* **How to complete this task**: Please restate each line of the data that follows word for word, skipping any image.

* **Data block**:
────
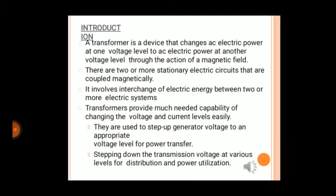A transformer is a device that changes AC electric power at one voltage level to AC electric power at another voltage level through the action of a magnetic field. There are two or more stationary electric circuits that are coupled magnetically. It involves interchange of electrical energy between two or more electric systems. Transformers provide the capability of changing voltage and current levels easily. They are used to step up generator voltage to an appropriate level for power transfer, and for stepping down transmission voltage at various levels for distribution and utilization.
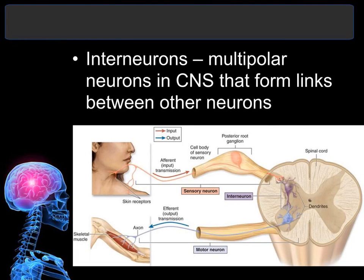Interneurons, just like the name implies, are found between the connection of the sensory and the motor neuron. They are usually multipolar neurons, which means they can receive information from multiple sensory neurons and then relay that information to multiple motor neurons.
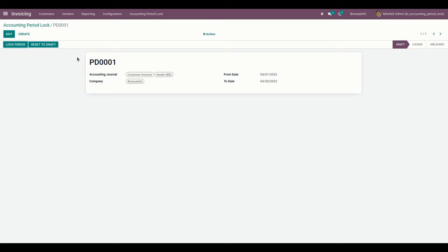The user can lock the period by clicking on the Lock Period option available here. When I click on that option, it will directly change the state to Locked.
────
* **Answer below**:
A transformer is a device that changes AC electric power at one voltage level to AC electric power at another voltage level through the action of a magnetic field. There are two or more stationary electric circuits that are coupled magnetically. It involves interchange of electrical energy between two or more electric systems. Transformers provide the capability of changing voltage and current levels easily. They are used to step up generator voltage to an appropriate level for power transfer, and for stepping down transmission voltage at various levels for distribution and utilization.
Interneurons, just like the name implies, are found between the connection of the sensory and the motor neuron. They are usually multipolar neurons, which means they can receive information from multiple sensory neurons and then relay that information to multiple motor neurons.
The user can lock the period by clicking on the Lock Period option available here. When I click on that option, it will directly change the state to Locked.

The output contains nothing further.